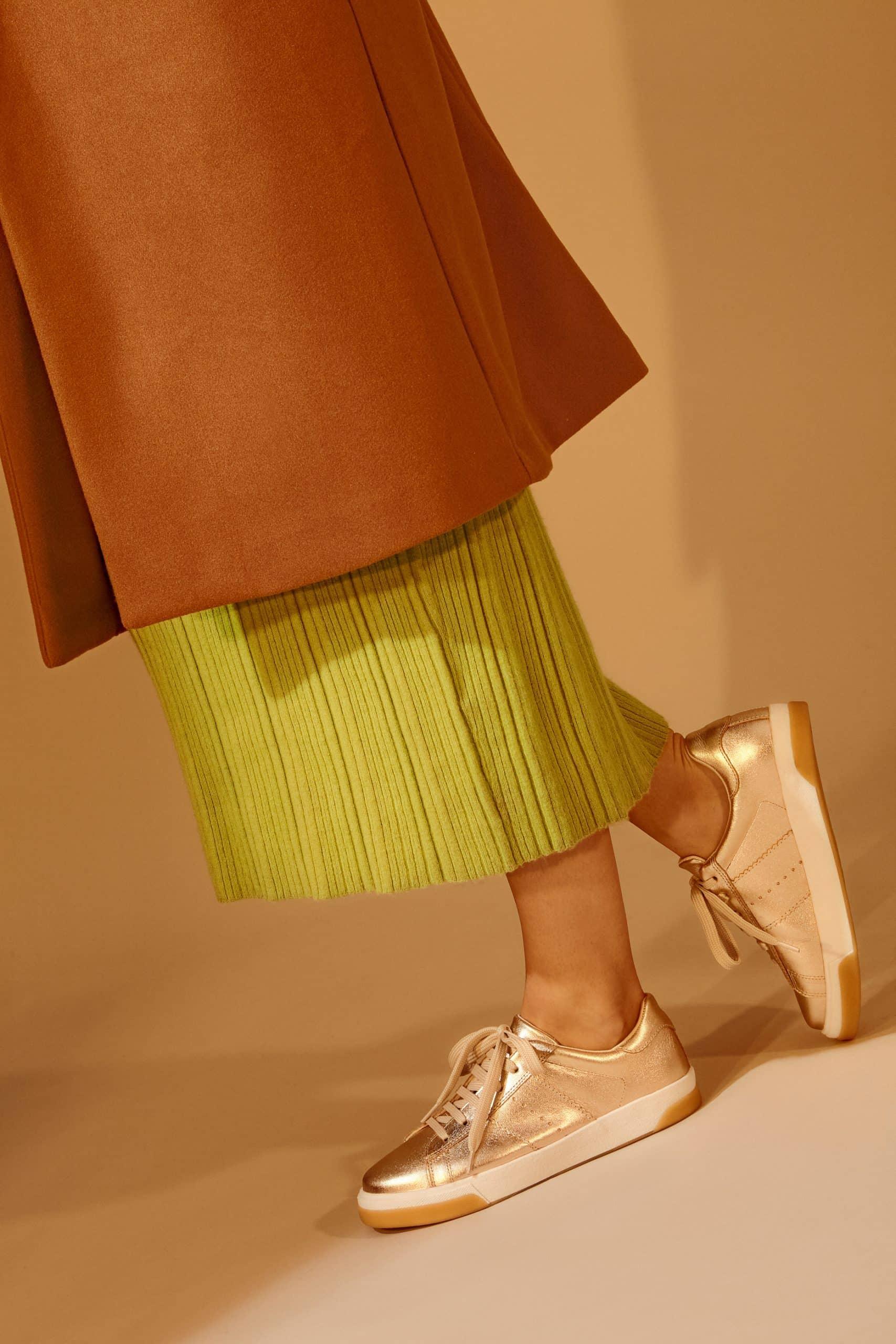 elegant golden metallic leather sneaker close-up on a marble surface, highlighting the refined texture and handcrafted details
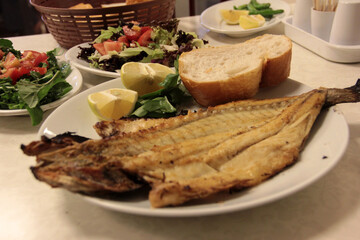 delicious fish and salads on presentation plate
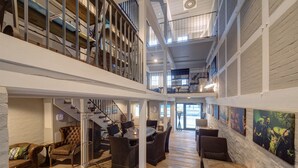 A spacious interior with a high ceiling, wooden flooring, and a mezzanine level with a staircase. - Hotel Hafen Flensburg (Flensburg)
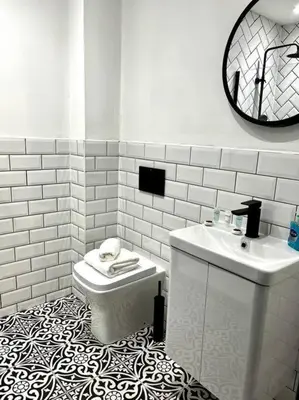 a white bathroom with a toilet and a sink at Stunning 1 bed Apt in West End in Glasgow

----------------

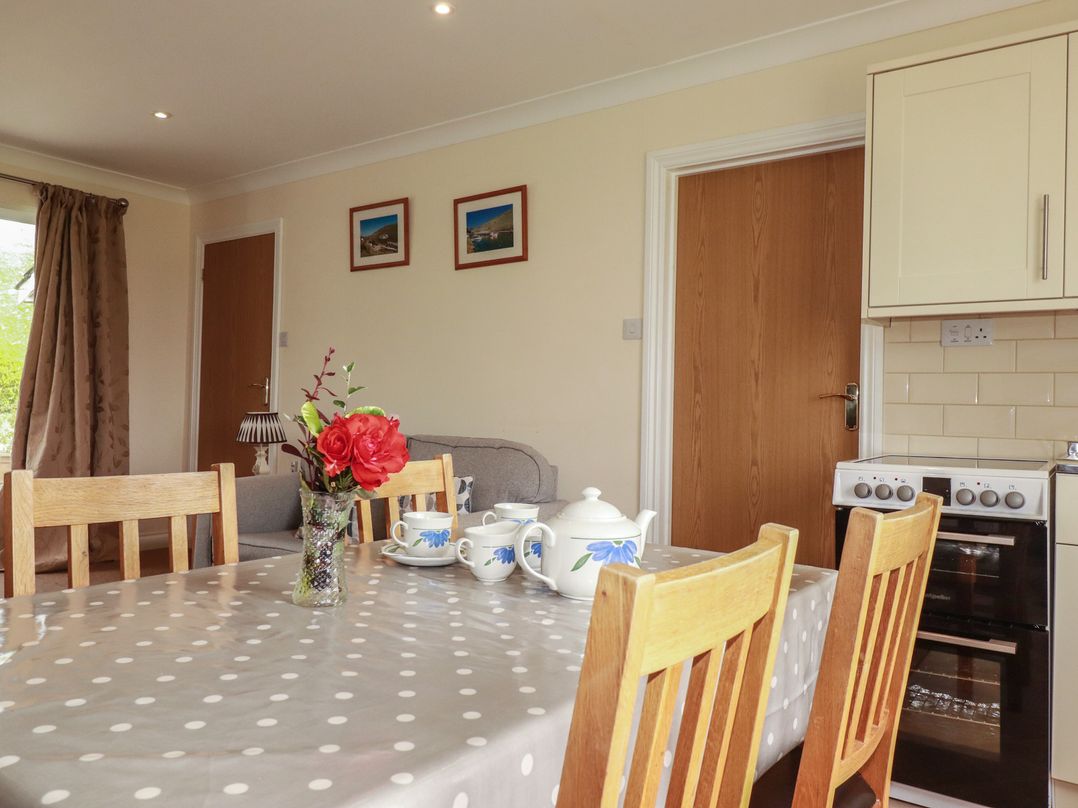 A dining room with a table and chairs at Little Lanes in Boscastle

----------------

◆ **Problem**: Would you give again, exactly, the lines in the data above that run from the line containing "elegant golden metallic" to the line containing "A spacious interior"? Include both ends and no pictures.

◆ **Response to this task**:
 elegant golden metallic leather sneaker close-up on a marble surface, highlighting the refined texture and handcrafted details
 delicious fish and salads on presentation plate
 A spacious interior with a high ceiling, wooden flooring, and a mezzanine level with a staircase. - Hotel Hafen Flensburg (Flensburg)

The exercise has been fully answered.